Molly Malek reading Team Atid's d'var Torah

This repetition is strange because we are taught that no word in the Torah is superfluous. Why, then, does it say “they did as God commanded Moses,” instead of just saying “they did as God commanded?” The rabbis answer this question by presenting the gematria value of the number 18, which symbolizes life. A few parshiyot ago, the people sinned with the golden calf. In response, God told Moses that he would wipe out the entire Jewish population, excluding only Moses and his children and through Moses and his children, the Jewish people would live on. However, Moses responded saying “Mechayne na me se frecha — erase me from Your book that You have written!” Essentially, Moses told God that if he wiped out the Jewish people, he would have to kill Moses as well. In this one act, Moses ensured the lives and the future of the Jewish people, then and now. Without that one action, none of us would be here today. Therefore, Moses's name is mentioned 18 times in this week's parsha to remind us that we owe our future to him. 

However, Moses is not the only person to have done this. In a few weeks, we will be reading the story of Esther. Once again in this story, the fate of the Jewish people teeters between life and death. And, once again, someone is faced with the choice to either protect themselves and their future or to risk their lives to preserve the future of the Jewish people. In the book of Esther, after hearing about Haman’s plans, Esther writes a letter to Mordechai saying, “All the king’s courtiers and the people of the king’s provinces know that if any person, man or woman, enters the king’s presence in the inner court without having been summoned, there is but one law for him — that he be put to death...” Esther knows that to appear before the king uninvited means certain death, and yet she still decides to seek an audience with Achashverosh. She puts the future of the Jewish people before her own life.

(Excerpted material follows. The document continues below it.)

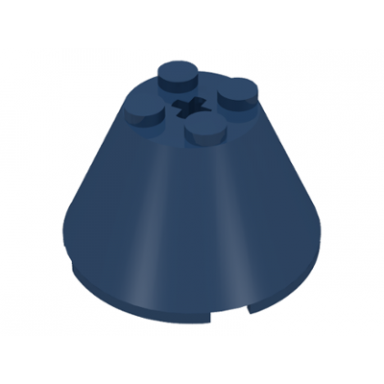 dark blue cone 4 x 4 x 2 with axle hole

In a sense, our school is just like Moses and Esther. I can tell you with absolute certainty that this mishpacha (family) has created a brighter future for me and for countless others. Two of my greatest weaknesses have always been math and English. Over this past year, Mr. T has taught me so much. He is always there to explain any concepts that I am struggling with, and encourages me to push myself to achieve my highest potential. Similarly, Mrs. Silberman is brutally honest, which forces me to grow as a writer and as a person. Mr. Halper’s divrei torah provide me with an opportunity to practice the skills that I am learning in Mrs. Silberman’s class, as well as a platform where I can express myself. Through these divrei torah, I also learn how to inspire other people— and isn’t that what Color War is all about? This week serves to inspire our mishpacha to learn the skills necessary to succeed in the future.  

Overall, the greatest message from this week's parsha is that one person can change the future of an entire nation. We should all be searching for opportunities to help improve the future for ourselves and for others, whether we do so by just being good friends, by being great teachers, or by devoting ourselves completely to the things that we believe in.

Now I just have one more question that needs answering. Who’s gonna win this color war????!!!!